• **DIRECTIONS**:
Each entry must be returned exactly. None may be omitted.
•••••
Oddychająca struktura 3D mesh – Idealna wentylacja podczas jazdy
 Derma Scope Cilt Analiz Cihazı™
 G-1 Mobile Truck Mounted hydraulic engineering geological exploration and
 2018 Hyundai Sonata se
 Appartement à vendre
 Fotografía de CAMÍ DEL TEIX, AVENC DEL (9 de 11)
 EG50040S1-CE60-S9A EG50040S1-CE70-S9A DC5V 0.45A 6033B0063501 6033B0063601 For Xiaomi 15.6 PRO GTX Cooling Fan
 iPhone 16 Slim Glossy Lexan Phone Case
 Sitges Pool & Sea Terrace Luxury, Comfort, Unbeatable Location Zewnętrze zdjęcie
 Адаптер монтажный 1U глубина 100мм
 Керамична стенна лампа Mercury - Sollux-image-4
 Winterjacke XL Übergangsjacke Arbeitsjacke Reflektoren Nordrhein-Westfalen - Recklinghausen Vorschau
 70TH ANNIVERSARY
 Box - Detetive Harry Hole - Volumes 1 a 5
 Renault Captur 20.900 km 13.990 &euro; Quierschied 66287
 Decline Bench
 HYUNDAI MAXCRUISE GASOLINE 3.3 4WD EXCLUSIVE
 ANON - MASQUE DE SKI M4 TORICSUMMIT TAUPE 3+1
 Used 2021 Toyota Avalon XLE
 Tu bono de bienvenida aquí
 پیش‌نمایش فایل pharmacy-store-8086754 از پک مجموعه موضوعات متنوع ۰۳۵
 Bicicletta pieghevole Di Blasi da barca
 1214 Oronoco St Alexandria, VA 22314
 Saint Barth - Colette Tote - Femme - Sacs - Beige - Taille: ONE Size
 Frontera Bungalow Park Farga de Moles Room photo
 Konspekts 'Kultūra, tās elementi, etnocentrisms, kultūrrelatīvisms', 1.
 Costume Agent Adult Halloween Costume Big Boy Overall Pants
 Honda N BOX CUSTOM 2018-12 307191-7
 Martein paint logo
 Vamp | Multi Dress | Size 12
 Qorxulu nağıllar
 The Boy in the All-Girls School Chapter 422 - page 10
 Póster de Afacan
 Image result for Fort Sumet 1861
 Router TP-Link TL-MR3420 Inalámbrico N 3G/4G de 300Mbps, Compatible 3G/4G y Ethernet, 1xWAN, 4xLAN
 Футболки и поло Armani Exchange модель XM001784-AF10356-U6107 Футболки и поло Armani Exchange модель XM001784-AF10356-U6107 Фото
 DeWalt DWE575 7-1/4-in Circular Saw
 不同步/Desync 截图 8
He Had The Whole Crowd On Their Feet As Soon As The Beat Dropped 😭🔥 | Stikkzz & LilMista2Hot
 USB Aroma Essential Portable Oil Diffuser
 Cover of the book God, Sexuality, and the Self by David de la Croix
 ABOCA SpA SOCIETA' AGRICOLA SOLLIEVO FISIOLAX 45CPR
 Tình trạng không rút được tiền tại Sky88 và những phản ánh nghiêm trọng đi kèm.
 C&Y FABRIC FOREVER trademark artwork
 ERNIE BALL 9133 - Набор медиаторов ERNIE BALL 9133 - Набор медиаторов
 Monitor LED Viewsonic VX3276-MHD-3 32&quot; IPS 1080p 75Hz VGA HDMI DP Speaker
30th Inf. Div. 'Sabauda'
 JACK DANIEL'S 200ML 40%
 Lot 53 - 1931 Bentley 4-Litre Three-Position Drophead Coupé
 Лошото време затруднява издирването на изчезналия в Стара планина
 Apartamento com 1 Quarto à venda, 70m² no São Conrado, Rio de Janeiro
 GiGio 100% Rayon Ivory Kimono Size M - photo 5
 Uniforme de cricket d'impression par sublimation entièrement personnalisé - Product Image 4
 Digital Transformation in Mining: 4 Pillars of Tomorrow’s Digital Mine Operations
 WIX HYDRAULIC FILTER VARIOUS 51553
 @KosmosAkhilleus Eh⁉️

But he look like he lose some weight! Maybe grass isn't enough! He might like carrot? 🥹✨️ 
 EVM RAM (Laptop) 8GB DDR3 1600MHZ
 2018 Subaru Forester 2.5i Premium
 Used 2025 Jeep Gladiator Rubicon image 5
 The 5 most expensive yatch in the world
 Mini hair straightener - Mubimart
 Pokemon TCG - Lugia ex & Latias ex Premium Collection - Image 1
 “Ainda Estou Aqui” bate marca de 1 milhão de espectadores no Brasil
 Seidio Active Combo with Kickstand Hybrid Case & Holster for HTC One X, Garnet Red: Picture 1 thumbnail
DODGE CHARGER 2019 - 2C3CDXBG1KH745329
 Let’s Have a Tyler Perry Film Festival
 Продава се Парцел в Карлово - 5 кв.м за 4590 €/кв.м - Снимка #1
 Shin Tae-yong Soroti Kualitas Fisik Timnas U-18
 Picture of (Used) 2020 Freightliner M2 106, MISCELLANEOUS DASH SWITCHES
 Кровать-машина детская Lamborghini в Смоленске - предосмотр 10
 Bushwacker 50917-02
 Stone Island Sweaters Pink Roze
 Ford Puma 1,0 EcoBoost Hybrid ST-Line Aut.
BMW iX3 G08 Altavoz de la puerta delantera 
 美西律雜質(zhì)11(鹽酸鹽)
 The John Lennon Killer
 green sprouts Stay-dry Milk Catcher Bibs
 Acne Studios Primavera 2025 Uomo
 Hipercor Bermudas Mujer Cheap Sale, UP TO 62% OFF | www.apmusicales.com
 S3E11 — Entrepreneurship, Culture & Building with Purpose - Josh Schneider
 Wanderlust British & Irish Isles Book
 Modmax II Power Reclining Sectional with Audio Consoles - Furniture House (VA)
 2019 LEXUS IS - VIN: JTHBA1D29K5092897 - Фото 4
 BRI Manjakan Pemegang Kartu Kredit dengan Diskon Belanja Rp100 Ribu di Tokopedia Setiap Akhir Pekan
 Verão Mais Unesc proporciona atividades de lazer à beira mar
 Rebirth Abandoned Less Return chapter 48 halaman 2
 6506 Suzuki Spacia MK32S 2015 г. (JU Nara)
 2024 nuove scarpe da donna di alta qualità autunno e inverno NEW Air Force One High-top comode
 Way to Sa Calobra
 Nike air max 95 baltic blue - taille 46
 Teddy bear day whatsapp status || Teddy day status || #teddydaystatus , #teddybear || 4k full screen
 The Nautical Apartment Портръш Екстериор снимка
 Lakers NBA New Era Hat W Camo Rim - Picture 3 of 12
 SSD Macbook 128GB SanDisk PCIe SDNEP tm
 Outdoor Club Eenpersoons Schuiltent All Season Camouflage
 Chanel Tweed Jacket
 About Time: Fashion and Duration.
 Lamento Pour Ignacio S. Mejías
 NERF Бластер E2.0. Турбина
•••••
• **ANSWER FOR THIS EXERCISE**:
Oddychająca struktura 3D mesh – Idealna wentylacja podczas jazdy
 Derma Scope Cilt Analiz Cihazı™
 G-1 Mobile Truck Mounted hydraulic engineering geological exploration and
 2018 Hyundai Sonata se
 Appartement à vendre
 Fotografía de CAMÍ DEL TEIX, AVENC DEL (9 de 11)
 EG50040S1-CE60-S9A EG50040S1-CE70-S9A DC5V 0.45A 6033B0063501 6033B0063601 For Xiaomi 15.6 PRO GTX Cooling Fan
 iPhone 16 Slim Glossy Lexan Phone Case
 Sitges Pool & Sea Terrace Luxury, Comfort, Unbeatable Location Zewnętrze zdjęcie
 Адаптер монтажный 1U глубина 100мм
 Керамична стенна лампа Mercury - Sollux-image-4
 Winterjacke XL Übergangsjacke Arbeitsjacke Reflektoren Nordrhein-Westfalen - Recklinghausen Vorschau
 70TH ANNIVERSARY
 Box - Detetive Harry Hole - Volumes 1 a 5
 Renault Captur 20.900 km 13.990 &euro; Quierschied 66287
 Decline Bench
 HYUNDAI MAXCRUISE GASOLINE 3.3 4WD EXCLUSIVE
 ANON - MASQUE DE SKI M4 TORICSUMMIT TAUPE 3+1
 Used 2021 Toyota Avalon XLE
 Tu bono de bienvenida aquí
 پیش‌نمایش فایل pharmacy-store-8086754 از پک مجموعه موضوعات متنوع ۰۳۵
 Bicicletta pieghevole Di Blasi da barca
 1214 Oronoco St Alexandria, VA 22314
 Saint Barth - Colette Tote - Femme - Sacs - Beige - Taille: ONE Size
 Frontera Bungalow Park Farga de Moles Room photo
 Konspekts 'Kultūra, tās elementi, etnocentrisms, kultūrrelatīvisms', 1.
 Costume Agent Adult Halloween Costume Big Boy Overall Pants
 Honda N BOX CUSTOM 2018-12 307191-7
 Martein paint logo
 Vamp | Multi Dress | Size 12
 Qorxulu nağıllar
 The Boy in the All-Girls School Chapter 422 - page 10
 Póster de Afacan
 Image result for Fort Sumet 1861
 Router TP-Link TL-MR3420 Inalámbrico N 3G/4G de 300Mbps, Compatible 3G/4G y Ethernet, 1xWAN, 4xLAN
 Футболки и поло Armani Exchange модель XM001784-AF10356-U6107 Футболки и поло Armani Exchange модель XM001784-AF10356-U6107 Фото
 DeWalt DWE575 7-1/4-in Circular Saw
 不同步/Desync 截图 8
He Had The Whole Crowd On Their Feet As Soon As The Beat Dropped 😭🔥 | Stikkzz & LilMista2Hot
 USB Aroma Essential Portable Oil Diffuser
 Cover of the book God, Sexuality, and the Self by David de la Croix
 ABOCA SpA SOCIETA' AGRICOLA SOLLIEVO FISIOLAX 45CPR
 Tình trạng không rút được tiền tại Sky88 và những phản ánh nghiêm trọng đi kèm.
 C&Y FABRIC FOREVER trademark artwork
 ERNIE BALL 9133 - Набор медиаторов ERNIE BALL 9133 - Набор медиаторов
 Monitor LED Viewsonic VX3276-MHD-3 32&quot; IPS 1080p 75Hz VGA HDMI DP Speaker
30th Inf. Div. 'Sabauda'
 JACK DANIEL'S 200ML 40%
 Lot 53 - 1931 Bentley 4-Litre Three-Position Drophead Coupé
 Лошото време затруднява издирването на изчезналия в Стара планина
 Apartamento com 1 Quarto à venda, 70m² no São Conrado, Rio de Janeiro
 GiGio 100% Rayon Ivory Kimono Size M - photo 5
 Uniforme de cricket d'impression par sublimation entièrement personnalisé - Product Image 4
 Digital Transformation in Mining: 4 Pillars of Tomorrow’s Digital Mine Operations
 WIX HYDRAULIC FILTER VARIOUS 51553
 @KosmosAkhilleus Eh⁉️

But he look like he lose some weight! Maybe grass isn't enough! He might like carrot? 🥹✨️ 
 EVM RAM (Laptop) 8GB DDR3 1600MHZ
 2018 Subaru Forester 2.5i Premium
 Used 2025 Jeep Gladiator Rubicon image 5
 The 5 most expensive yatch in the world
 Mini hair straightener - Mubimart
 Pokemon TCG - Lugia ex & Latias ex Premium Collection - Image 1
 “Ainda Estou Aqui” bate marca de 1 milhão de espectadores no Brasil
 Seidio Active Combo with Kickstand Hybrid Case & Holster for HTC One X, Garnet Red: Picture 1 thumbnail
DODGE CHARGER 2019 - 2C3CDXBG1KH745329
 Let’s Have a Tyler Perry Film Festival
 Продава се Парцел в Карлово - 5 кв.м за 4590 €/кв.м - Снимка #1
 Shin Tae-yong Soroti Kualitas Fisik Timnas U-18
 Picture of (Used) 2020 Freightliner M2 106, MISCELLANEOUS DASH SWITCHES
 Кровать-машина детская Lamborghini в Смоленске - предосмотр 10
 Bushwacker 50917-02
 Stone Island Sweaters Pink Roze
 Ford Puma 1,0 EcoBoost Hybrid ST-Line Aut.
BMW iX3 G08 Altavoz de la puerta delantera 
 美西律雜質(zhì)11(鹽酸鹽)
 The John Lennon Killer
 green sprouts Stay-dry Milk Catcher Bibs
 Acne Studios Primavera 2025 Uomo
 Hipercor Bermudas Mujer Cheap Sale, UP TO 62% OFF | www.apmusicales.com
 S3E11 — Entrepreneurship, Culture & Building with Purpose - Josh Schneider
 Wanderlust British & Irish Isles Book
 Modmax II Power Reclining Sectional with Audio Consoles - Furniture House (VA)
 2019 LEXUS IS - VIN: JTHBA1D29K5092897 - Фото 4
 BRI Manjakan Pemegang Kartu Kredit dengan Diskon Belanja Rp100 Ribu di Tokopedia Setiap Akhir Pekan
 Verão Mais Unesc proporciona atividades de lazer à beira mar
 Rebirth Abandoned Less Return chapter 48 halaman 2
 6506 Suzuki Spacia MK32S 2015 г. (JU Nara)
 2024 nuove scarpe da donna di alta qualità autunno e inverno NEW Air Force One High-top comode
 Way to Sa Calobra
 Nike air max 95 baltic blue - taille 46
 Teddy bear day whatsapp status || Teddy day status || #teddydaystatus , #teddybear || 4k full screen
 The Nautical Apartment Портръш Екстериор снимка
 Lakers NBA New Era Hat W Camo Rim - Picture 3 of 12
 SSD Macbook 128GB SanDisk PCIe SDNEP tm
 Outdoor Club Eenpersoons Schuiltent All Season Camouflage
 Chanel Tweed Jacket
 About Time: Fashion and Duration.
 Lamento Pour Ignacio S. Mejías
 NERF Бластер E2.0. Турбина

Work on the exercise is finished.